Quick and Spicy Asian Pickles

Ingredients:
1/4 cup rice vinegar
4 tsp. sugar
1 tsp. soy sauce
1 tsp. fish sauce
1/2 tsp. dried crushed red pepper
2 small English hothouse cucumbers

Directions:
1. Whisk rice vinegar, sugar, soy sauce, fish sauce and crushed red pepper in a large bowl.

2. Cover and refrigerate for 2 hours to overnight.

3. Slice cucumbers crosswise into 1/4-inch thick rounds.

4. Add cucumber slices to vinegar mixture; toss.

5. Cover and chill ten minutes to an hour, tossing occasionally.

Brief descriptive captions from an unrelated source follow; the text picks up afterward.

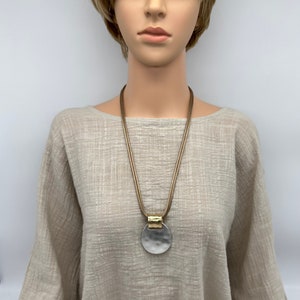 Lovely gold and silver sweater necklace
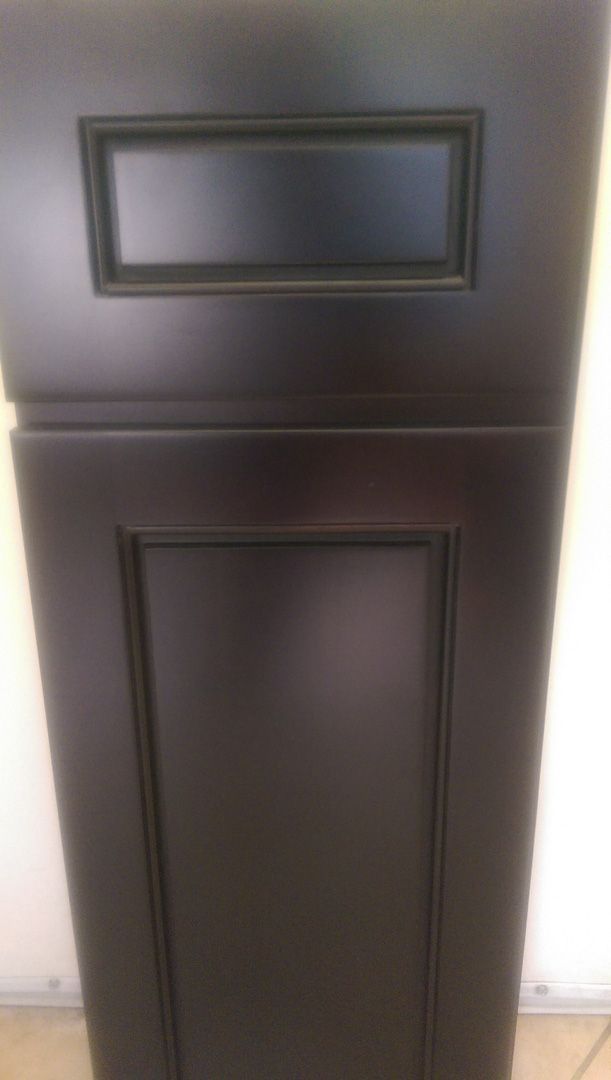 A black cabinet door is sitting on a tiled floor.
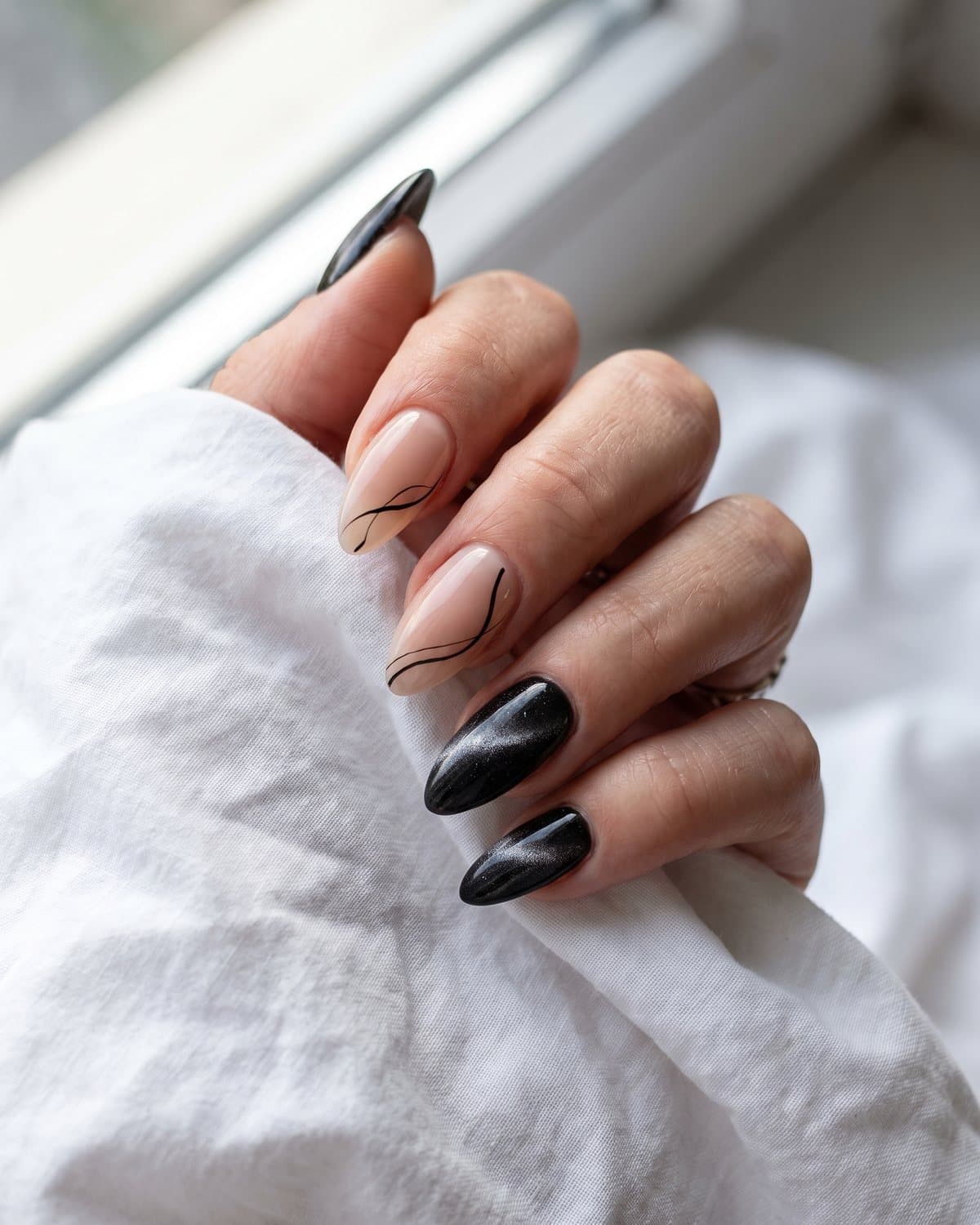 Almond nails with sheer nude and thin black abstract lines and black velvet cat-eye with a soft silver shimmer band, on white cotton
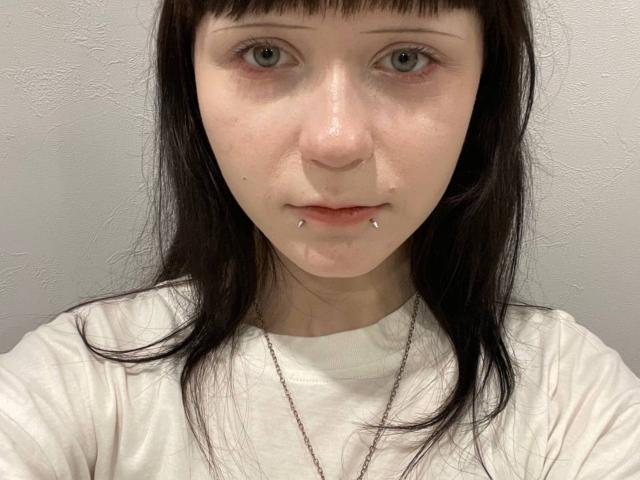 Nancy Turpin, met bleke huid, groene ogen, donkerbruin steil haar, een wit T-shirt en een piercing in de onderlip, draagt een dunne ketting, op een eenvoudige selfie..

Wild Mushroom Baked Egg Casserole with Pine Nuts and Kale

Ingredients:
1/4 cup pine nuts
1/4 cup olive oil
1/2 cup minced onion
sea salt
1 1/2 lb. mixed mushroom, such as cremini, oyster and stemmed shiitake, sliced into 1/2-inch pieces
3 medium rosemary sprigs
2 bay leaves
1 tsp. thyme leaves
3 cups lightly packed kale, chopped
fresh ground pepper
6 large eggs
1 cup fresh ricotta cheese
1 cup shredded fontina cheese

Directions:
1. Preheat oven to 375 F.

2. In a 12-inch cast iron skillet, toast pine nuts over medium heat, tossing; until lightly browned (about 5 minutes). Transfer nuts to a plate.

3. Ion the same skillet, heat oil until shimmering. Add onion and pinch of salt; cook over medium heat, stirring occasionally; until onion is softened (about 5 minutes).

4. Add mushrooms, rosemary, bay leaves and thyme; cook over medium-high heat, stirring occasionally until mushrooms are browned and tender (about 10 minutes).

5. Stir in kale and cook until wilted (about 3 minutes). Discard rosemary sprigs and bay leaves.

6. Add pine nuts and season with salt and pepper.

7. In a medium bowl, beat eggs with ricotta, 1 tsp. salt and 1/4 tsp. pepper. Pour egg mixture over mushrooms; sprinkle fontina on top.

8. Bake for 15 minutes until set. Serve from skillet.

Steamed Clams with Lentils and Leeks

Ingredients:
1/3 cup Le Puy lentils
3 tbsp. butter
2 large or 4 baby leeks, white and pale green parts only; clean and sliced thinly
2 lb. manila clams, scrubbed and rinsed
1 1/2 cups dry white wine
1/3 cup crème fraîche
Zest and juice of 1 lemon, plus extra juice as needed
2 1/2 tbsp. tarragon leaves, roughly chopped
Salt

Directions:
1. Add lentils to a small pot of simmering water and cook until just tender, 10 to 15 minutes.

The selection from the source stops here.